Chaz is using an Epson XP410 scanner to scan documents for his iPad. He wants an app that would allow him to assemble PDF files into one master file. Leo says that if he uses the desktop, he can combine all the scans into one PDF with the Epson software.
Bill is having issues with Facebook's latest version of the smartphone app because the videos autoplay and it's hitting his bandwidth caps. Leo says that Facebook is planning to do that so that they can sell advertising on user's feeds. While Leo believes that Facebook needs to monetize in order to pay the bills and stay in operation, it also has a social contract with it's members not to do such things that impact their own bottom line. It's a shame that they don't see that. The good news is, he can go into the settings for his app and turn off autoplay.
Sam wants to read QR codes with his phone, and wants to know what app would be best for it. There are plenty of options out there that can read both QR codes and bar codes. There are even plenty of apps that can also generate them. RedLaser is a good option.
When you install a smartphone app, there's a good chance it will come with push notifications turned on by default. For example, Facebook's Messenger app will be able to pop up a notification whenever you receive a message on the service. Depending on how many messages you receive on Facebook, this could be quite a battery drain for your phone.
Leo decided to try out Facebook Messenger this week since Facebook has decided to force users to use it instead of the regular Facebook app for private messages. Leo says that not only does the app deplete your battery by constantly monitoring your activity and location, but you also can't turn off notifications on messages for longer than 8 hours in the app. As a result, Leo was more than happy to delete both the Messenger app and the Facebook app from his phone. He'll just continue to use Facebook on the desktop instead.

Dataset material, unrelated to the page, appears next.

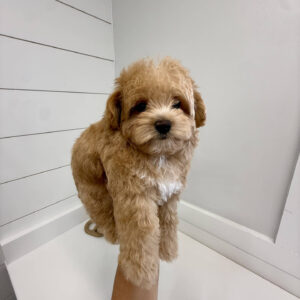 Spidey - F Maltipoo Puppy - BPPP Litter --_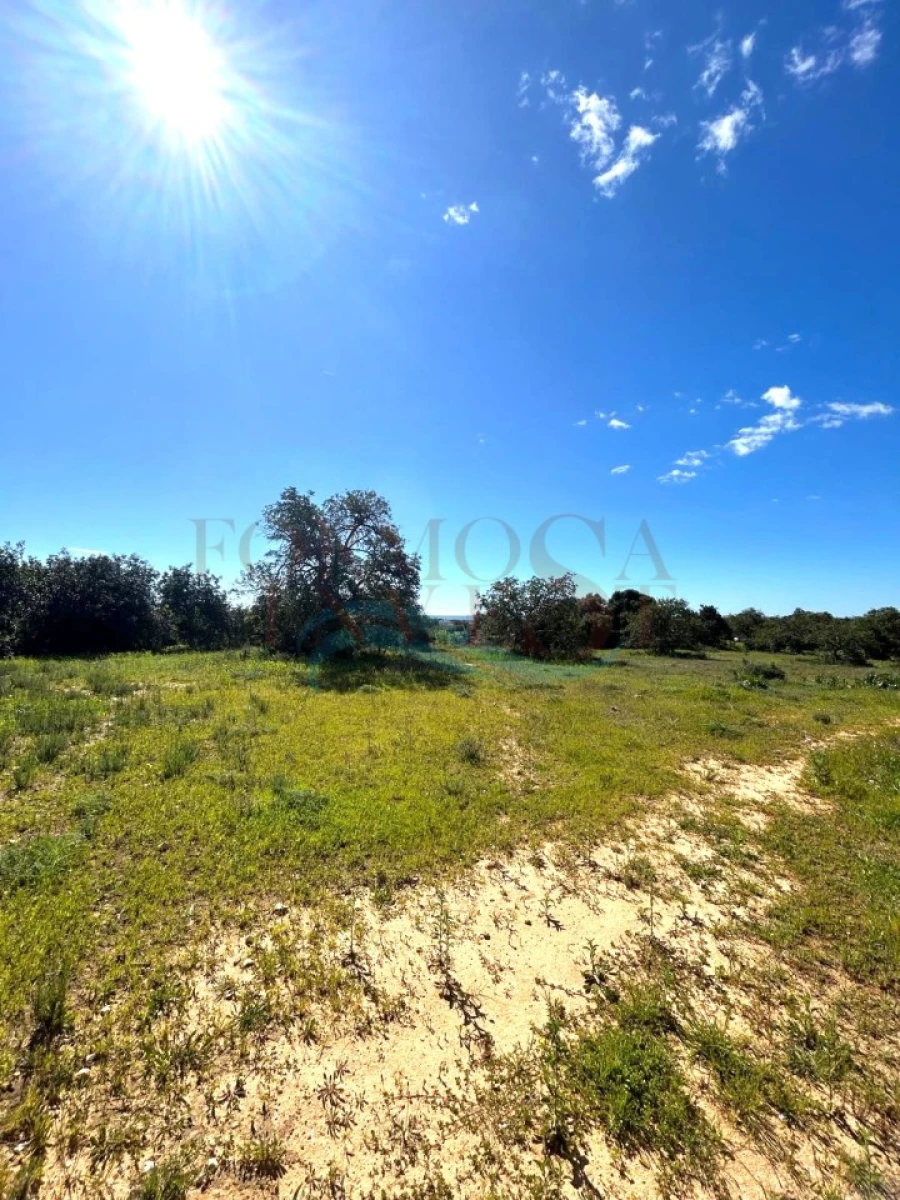 Terreno Agricola ou Rústico para Venda em Moncarapacho e Fuseta Foto 6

Wes is in the market for a tablet for reading music. Leo says that while there are tablets that cost less that can do that, Leo advises to use the iPad. There are so many apps that are musician centric, including transribing music, many musicians are now using iPads rather than having sheet music when they play in a performance. So the iPad is really the best option for that because it'll do so much more. And it's worth spending the extra costs. And you don't need the latest. An iPad 3 would work just fine.
Don wants to know if there's a Bluetooth printer that he can use with a friend's Samsung Galaxy Tab 10 tablet. Leo says that there are, but another option from Google is Google Cloud Print, which prints from any internet connected printer anywhere in the world. So if he can get on Wi-Fi, he can print.
Mike shops at Amazon, and has noticed a change in permissions that would allow Amazon to send him text messages. Leo says the cool thing about the Android system is that they would show him what permissions are enabled and which ones an app takes advantage of. So at least he'd know going in what they want.
David needs an app that will track his Android phone in case he loses or misplaces it. There's an app on the Google Play store called "Android Device Manager" that will do this. It also comes with a kill switch to wipe out his device should it get stolen. He can ring the phone to locate it, or remotely wipe it.
Adam wants to know how he can record his guitar riffs on the Microsoft Surface RT and convert it into synthesizer. Leo says since Adam has a digital interface, that's half the battle. But the issue is whether or not he could find an app that would do this on Windows RT. If this was an iPad, there would be tons of options.